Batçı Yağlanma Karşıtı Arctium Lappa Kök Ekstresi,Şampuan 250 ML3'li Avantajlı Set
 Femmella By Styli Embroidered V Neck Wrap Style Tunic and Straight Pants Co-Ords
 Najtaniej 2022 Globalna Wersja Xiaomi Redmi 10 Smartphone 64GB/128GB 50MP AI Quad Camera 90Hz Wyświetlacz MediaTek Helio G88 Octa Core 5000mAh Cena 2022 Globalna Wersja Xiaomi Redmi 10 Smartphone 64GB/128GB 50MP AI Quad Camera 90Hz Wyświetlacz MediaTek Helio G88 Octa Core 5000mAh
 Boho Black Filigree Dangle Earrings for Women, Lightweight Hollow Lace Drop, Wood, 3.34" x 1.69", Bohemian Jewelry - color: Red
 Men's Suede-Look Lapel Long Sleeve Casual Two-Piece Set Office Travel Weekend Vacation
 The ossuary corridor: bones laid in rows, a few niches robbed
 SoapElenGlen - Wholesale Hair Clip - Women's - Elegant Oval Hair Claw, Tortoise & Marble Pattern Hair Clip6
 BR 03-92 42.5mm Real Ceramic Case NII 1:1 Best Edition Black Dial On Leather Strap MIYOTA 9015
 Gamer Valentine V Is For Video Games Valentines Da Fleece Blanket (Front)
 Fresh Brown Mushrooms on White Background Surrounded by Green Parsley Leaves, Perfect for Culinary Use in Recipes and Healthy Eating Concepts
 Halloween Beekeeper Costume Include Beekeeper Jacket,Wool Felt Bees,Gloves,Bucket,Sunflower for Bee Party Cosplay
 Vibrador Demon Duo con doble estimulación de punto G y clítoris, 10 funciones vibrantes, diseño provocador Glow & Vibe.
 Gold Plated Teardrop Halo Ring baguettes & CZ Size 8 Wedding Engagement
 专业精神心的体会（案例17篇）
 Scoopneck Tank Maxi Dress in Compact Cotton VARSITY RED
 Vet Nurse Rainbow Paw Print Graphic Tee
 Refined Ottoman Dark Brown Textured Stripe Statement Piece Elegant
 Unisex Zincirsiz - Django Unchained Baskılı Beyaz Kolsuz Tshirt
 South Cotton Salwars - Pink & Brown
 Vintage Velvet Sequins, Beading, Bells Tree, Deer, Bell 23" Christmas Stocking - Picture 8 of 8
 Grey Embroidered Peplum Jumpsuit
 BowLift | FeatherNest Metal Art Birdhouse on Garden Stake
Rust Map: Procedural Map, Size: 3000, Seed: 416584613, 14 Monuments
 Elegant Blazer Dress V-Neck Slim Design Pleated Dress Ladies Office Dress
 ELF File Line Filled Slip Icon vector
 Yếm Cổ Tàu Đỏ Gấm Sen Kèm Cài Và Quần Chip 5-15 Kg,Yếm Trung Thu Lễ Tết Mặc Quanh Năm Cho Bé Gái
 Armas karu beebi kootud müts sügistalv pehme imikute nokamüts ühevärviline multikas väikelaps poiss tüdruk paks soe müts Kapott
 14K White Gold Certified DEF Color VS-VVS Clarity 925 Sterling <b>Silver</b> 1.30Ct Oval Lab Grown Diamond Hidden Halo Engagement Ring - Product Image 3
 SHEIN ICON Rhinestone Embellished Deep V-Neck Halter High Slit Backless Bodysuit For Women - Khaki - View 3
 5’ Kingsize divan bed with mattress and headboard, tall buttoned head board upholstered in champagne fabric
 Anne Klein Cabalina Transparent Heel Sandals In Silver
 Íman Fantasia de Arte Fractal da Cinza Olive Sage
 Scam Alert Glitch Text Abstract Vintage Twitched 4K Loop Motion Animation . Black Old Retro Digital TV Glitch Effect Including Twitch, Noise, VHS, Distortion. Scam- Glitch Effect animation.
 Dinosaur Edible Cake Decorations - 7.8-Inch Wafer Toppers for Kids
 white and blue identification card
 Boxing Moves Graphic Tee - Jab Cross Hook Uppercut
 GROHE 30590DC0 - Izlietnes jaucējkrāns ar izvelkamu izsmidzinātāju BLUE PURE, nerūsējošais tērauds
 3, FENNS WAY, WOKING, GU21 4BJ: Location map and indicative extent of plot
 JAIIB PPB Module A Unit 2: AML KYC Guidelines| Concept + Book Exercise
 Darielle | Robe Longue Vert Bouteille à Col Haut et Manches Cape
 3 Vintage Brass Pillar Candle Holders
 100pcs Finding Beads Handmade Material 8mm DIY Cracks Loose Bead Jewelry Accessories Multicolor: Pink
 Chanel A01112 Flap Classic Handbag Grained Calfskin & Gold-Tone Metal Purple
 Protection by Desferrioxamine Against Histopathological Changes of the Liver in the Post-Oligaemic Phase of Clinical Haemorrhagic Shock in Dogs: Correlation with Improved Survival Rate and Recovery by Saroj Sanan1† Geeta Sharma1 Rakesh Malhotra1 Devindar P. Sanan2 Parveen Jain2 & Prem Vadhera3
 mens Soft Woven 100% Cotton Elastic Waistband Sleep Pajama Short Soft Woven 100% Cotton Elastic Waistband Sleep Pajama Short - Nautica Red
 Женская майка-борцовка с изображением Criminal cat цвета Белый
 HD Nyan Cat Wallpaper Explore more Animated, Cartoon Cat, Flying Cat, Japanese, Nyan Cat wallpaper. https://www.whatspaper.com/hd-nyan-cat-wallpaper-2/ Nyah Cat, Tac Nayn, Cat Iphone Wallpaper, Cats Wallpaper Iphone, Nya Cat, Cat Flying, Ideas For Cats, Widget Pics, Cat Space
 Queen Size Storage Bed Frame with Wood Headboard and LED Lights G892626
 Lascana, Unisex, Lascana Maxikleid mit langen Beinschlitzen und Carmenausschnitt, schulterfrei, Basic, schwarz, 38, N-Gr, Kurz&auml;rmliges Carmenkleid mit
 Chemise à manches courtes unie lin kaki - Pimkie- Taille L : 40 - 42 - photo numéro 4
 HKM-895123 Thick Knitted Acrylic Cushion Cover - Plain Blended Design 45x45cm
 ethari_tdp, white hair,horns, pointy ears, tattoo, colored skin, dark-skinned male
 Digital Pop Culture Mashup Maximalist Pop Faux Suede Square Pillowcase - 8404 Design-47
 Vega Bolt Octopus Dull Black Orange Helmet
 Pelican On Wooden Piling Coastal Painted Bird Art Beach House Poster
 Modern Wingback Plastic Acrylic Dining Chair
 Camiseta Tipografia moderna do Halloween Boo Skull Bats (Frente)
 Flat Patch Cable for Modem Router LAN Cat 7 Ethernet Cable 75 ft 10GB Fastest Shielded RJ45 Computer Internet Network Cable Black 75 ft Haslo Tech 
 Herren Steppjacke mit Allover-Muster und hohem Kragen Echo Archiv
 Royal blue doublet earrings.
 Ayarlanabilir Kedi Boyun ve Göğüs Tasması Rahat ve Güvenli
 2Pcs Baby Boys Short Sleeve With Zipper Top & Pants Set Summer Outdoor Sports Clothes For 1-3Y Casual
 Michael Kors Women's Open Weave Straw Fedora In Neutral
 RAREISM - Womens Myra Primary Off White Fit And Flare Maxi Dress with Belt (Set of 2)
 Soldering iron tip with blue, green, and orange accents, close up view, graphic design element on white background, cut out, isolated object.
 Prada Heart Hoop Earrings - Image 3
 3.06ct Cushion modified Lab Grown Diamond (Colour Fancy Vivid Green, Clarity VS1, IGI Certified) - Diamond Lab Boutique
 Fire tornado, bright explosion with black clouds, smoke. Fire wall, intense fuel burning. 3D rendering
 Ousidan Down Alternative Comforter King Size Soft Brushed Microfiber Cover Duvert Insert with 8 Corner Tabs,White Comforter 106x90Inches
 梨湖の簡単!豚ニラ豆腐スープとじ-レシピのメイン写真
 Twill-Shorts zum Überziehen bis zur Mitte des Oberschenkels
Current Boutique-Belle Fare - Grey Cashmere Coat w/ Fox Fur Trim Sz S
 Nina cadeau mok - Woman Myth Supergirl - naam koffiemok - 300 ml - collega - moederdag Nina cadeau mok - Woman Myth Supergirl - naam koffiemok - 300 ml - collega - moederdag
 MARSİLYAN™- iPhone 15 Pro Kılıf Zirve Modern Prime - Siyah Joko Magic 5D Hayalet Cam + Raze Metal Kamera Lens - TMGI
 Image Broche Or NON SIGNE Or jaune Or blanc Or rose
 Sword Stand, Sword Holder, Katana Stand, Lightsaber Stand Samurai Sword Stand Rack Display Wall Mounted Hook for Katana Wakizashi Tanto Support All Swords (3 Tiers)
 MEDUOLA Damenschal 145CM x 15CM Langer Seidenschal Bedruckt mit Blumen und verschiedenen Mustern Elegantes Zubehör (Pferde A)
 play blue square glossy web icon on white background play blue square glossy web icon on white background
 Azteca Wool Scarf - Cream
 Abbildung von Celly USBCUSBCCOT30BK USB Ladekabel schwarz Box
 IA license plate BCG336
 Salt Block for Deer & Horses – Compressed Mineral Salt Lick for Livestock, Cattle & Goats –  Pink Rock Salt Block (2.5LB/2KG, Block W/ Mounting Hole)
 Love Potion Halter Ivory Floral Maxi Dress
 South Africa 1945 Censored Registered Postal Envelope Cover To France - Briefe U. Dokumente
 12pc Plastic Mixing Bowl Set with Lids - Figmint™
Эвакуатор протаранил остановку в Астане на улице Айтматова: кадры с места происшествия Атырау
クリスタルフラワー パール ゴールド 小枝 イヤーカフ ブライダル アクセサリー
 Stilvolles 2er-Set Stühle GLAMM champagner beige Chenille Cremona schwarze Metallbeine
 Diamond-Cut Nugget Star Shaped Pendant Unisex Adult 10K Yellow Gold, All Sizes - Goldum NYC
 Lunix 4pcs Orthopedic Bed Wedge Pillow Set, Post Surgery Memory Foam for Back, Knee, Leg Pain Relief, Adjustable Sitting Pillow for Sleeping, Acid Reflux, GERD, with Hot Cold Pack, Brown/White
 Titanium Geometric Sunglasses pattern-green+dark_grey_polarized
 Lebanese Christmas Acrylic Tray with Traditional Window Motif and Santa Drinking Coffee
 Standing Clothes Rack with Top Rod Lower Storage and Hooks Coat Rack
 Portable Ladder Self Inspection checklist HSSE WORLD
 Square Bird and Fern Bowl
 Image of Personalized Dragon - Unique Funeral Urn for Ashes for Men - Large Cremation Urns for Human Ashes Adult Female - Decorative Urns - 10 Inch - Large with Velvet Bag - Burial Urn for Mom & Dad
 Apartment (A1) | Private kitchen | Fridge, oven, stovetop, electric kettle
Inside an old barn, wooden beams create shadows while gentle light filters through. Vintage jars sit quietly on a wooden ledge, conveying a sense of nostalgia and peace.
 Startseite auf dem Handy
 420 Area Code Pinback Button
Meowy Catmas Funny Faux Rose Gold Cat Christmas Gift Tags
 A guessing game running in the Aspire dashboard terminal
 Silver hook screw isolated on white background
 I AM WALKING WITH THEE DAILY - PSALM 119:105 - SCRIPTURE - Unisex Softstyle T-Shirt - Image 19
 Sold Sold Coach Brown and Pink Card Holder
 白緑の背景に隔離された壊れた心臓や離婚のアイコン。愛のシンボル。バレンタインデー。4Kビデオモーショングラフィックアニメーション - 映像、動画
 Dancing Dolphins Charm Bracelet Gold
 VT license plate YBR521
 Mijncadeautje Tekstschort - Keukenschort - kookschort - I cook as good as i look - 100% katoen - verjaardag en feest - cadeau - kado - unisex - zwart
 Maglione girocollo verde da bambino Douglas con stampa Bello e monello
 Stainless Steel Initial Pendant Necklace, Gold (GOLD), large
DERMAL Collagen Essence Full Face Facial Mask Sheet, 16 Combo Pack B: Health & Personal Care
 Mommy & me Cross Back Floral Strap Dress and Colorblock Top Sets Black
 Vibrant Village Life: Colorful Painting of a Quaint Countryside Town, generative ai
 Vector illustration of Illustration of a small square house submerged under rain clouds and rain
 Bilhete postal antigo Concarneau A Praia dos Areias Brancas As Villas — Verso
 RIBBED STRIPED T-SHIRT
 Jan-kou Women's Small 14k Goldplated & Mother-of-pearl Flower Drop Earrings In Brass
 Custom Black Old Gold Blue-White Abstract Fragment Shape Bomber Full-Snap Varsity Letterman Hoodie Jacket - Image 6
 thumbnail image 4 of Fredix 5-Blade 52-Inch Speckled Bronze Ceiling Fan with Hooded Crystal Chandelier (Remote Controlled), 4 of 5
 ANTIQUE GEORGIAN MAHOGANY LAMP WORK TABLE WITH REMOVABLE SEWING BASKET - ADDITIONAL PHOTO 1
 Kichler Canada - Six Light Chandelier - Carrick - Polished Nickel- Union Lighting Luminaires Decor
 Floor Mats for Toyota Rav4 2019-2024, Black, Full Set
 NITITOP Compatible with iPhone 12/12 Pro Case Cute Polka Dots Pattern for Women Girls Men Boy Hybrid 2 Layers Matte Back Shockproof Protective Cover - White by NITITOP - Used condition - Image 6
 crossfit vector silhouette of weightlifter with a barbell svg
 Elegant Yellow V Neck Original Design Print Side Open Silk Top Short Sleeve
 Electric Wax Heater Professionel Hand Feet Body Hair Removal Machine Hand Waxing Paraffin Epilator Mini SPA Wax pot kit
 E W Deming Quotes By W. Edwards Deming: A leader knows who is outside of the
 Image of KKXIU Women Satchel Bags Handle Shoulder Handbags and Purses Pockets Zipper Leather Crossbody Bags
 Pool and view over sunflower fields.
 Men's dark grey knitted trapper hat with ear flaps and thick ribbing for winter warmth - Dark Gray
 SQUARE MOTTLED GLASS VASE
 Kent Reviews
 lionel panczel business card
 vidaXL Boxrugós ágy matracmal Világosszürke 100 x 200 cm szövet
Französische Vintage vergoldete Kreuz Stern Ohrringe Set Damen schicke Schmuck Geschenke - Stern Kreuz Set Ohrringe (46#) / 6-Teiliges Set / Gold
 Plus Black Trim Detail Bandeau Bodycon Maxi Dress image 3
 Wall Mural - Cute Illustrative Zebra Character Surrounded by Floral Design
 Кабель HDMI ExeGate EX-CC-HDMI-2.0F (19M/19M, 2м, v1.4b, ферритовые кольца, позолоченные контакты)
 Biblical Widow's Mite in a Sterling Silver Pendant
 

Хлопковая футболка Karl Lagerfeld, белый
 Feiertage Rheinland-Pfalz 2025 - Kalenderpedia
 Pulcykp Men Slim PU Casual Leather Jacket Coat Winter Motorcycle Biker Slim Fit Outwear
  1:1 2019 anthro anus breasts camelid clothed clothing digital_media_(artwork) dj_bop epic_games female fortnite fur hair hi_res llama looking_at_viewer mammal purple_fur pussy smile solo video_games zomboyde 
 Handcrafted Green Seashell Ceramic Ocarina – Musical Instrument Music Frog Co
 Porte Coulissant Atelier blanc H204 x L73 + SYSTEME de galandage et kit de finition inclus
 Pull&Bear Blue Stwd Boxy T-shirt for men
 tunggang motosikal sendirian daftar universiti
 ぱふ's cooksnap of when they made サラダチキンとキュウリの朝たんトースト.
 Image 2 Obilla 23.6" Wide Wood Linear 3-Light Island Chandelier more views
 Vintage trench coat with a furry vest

──────────────────────────────

Exercise details
Out of the data above, set down the lines from the one with "Najtaniej 2022 Globalna" to the one with "Grey Embroidered Peplum Jumpsuit", both included, exactly as written and with no additions.

Output for this exercise
 Najtaniej 2022 Globalna Wersja Xiaomi Redmi 10 Smartphone 64GB/128GB 50MP AI Quad Camera 90Hz Wyświetlacz MediaTek Helio G88 Octa Core 5000mAh Cena 2022 Globalna Wersja Xiaomi Redmi 10 Smartphone 64GB/128GB 50MP AI Quad Camera 90Hz Wyświetlacz MediaTek Helio G88 Octa Core 5000mAh
 Boho Black Filigree Dangle Earrings for Women, Lightweight Hollow Lace Drop, Wood, 3.34" x 1.69", Bohemian Jewelry - color: Red
 Men's Suede-Look Lapel Long Sleeve Casual Two-Piece Set Office Travel Weekend Vacation
 The ossuary corridor: bones laid in rows, a few niches robbed
 SoapElenGlen - Wholesale Hair Clip - Women's - Elegant Oval Hair Claw, Tortoise & Marble Pattern Hair Clip6
 BR 03-92 42.5mm Real Ceramic Case NII 1:1 Best Edition Black Dial On Leather Strap MIYOTA 9015
 Gamer Valentine V Is For Video Games Valentines Da Fleece Blanket (Front)
 Fresh Brown Mushrooms on White Background Surrounded by Green Parsley Leaves, Perfect for Culinary Use in Recipes and Healthy Eating Concepts
 Halloween Beekeeper Costume Include Beekeeper Jacket,Wool Felt Bees,Gloves,Bucket,Sunflower for Bee Party Cosplay
 Vibrador Demon Duo con doble estimulación de punto G y clítoris, 10 funciones vibrantes, diseño provocador Glow & Vibe.
 Gold Plated Teardrop Halo Ring baguettes & CZ Size 8 Wedding Engagement
 专业精神心的体会（案例17篇）
 Scoopneck Tank Maxi Dress in Compact Cotton VARSITY RED
 Vet Nurse Rainbow Paw Print Graphic Tee
 Refined Ottoman Dark Brown Textured Stripe Statement Piece Elegant
 Unisex Zincirsiz - Django Unchained Baskılı Beyaz Kolsuz Tshirt
 South Cotton Salwars - Pink & Brown
 Vintage Velvet Sequins, Beading, Bells Tree, Deer, Bell 23" Christmas Stocking - Picture 8 of 8
 Grey Embroidered Peplum Jumpsuit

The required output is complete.